§ **Exercise objective**: Every line below needs to be printed again exactly, without any of its pictures.

++++ Source data

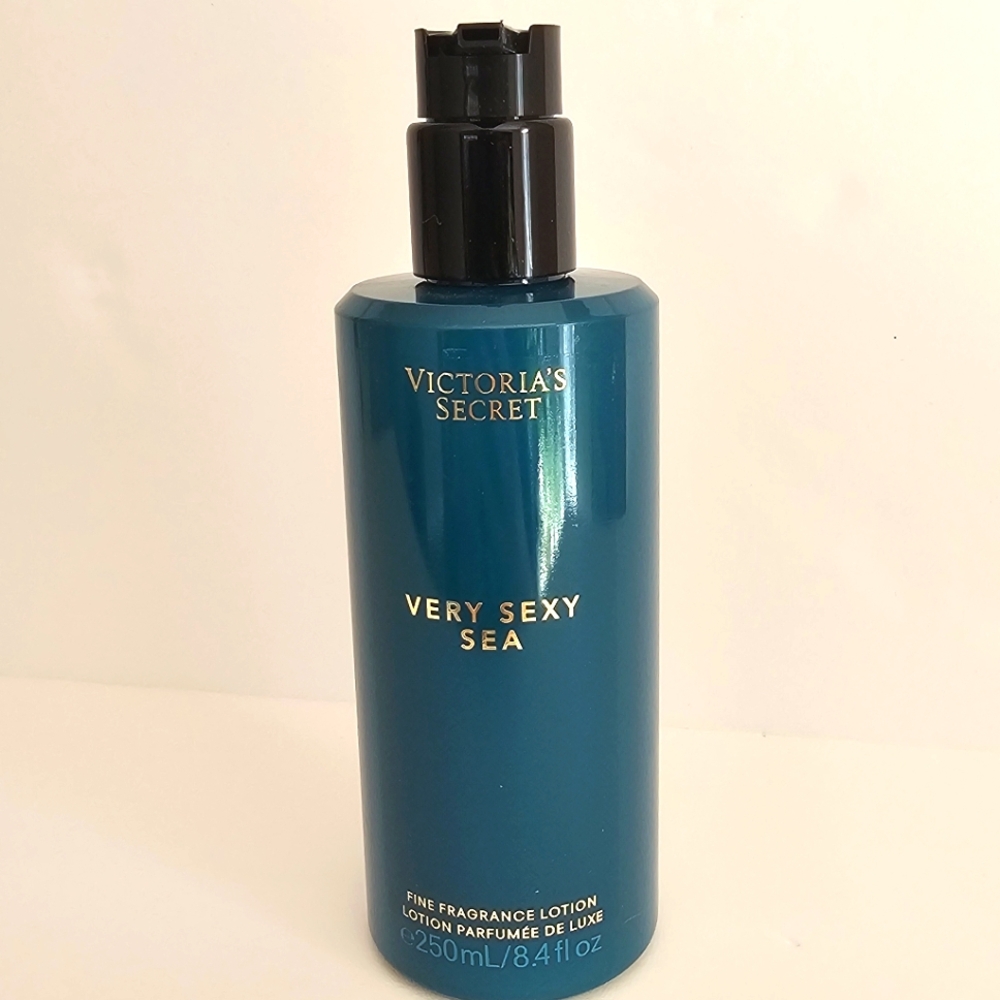 Victoria's Secret Very Sexy Sea Fragrance Lotion NWT Self Care Discontinued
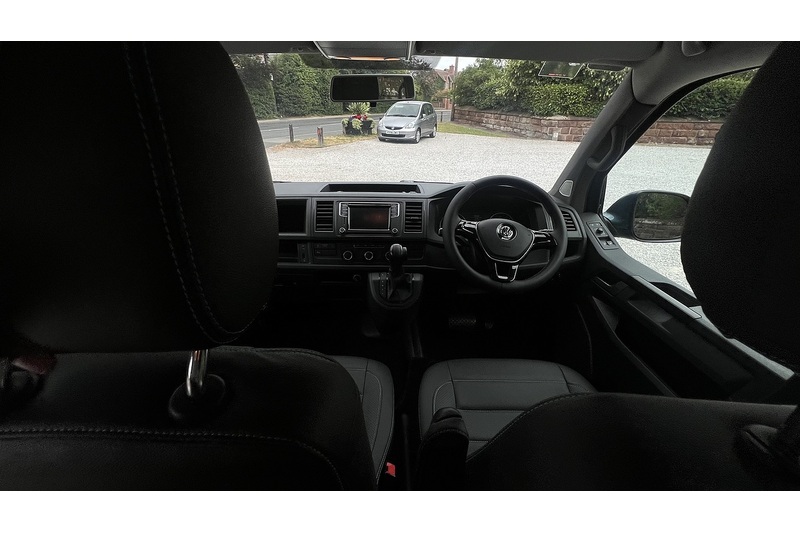 Volkswagen 2.0 TDI SE Minibus Double Cab 5dr Diesel DSG FWD LWB Euro 6 (s/s) (150 ps)
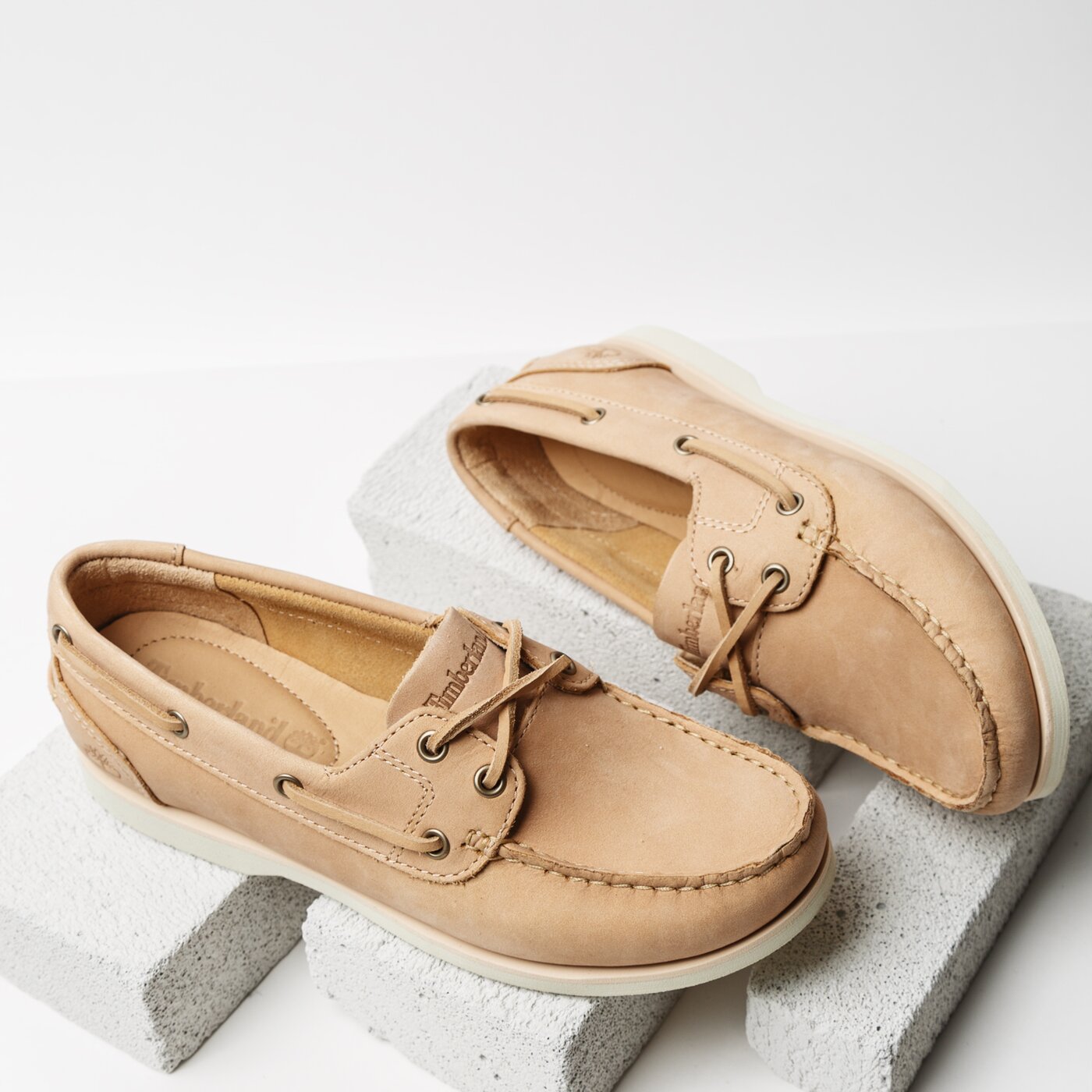 Damskie mokasyny i półbuty TIMBERLAND CLASSIC BOAT UNLINED BOAT a1naq kolor beżowy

++++++++

§ **Answer to this exercise**:
 Victoria's Secret Very Sexy Sea Fragrance Lotion NWT Self Care Discontinued
 Volkswagen 2.0 TDI SE Minibus Double Cab 5dr Diesel DSG FWD LWB Euro 6 (s/s) (150 ps)
 Damskie mokasyny i półbuty TIMBERLAND CLASSIC BOAT UNLINED BOAT a1naq kolor beżowy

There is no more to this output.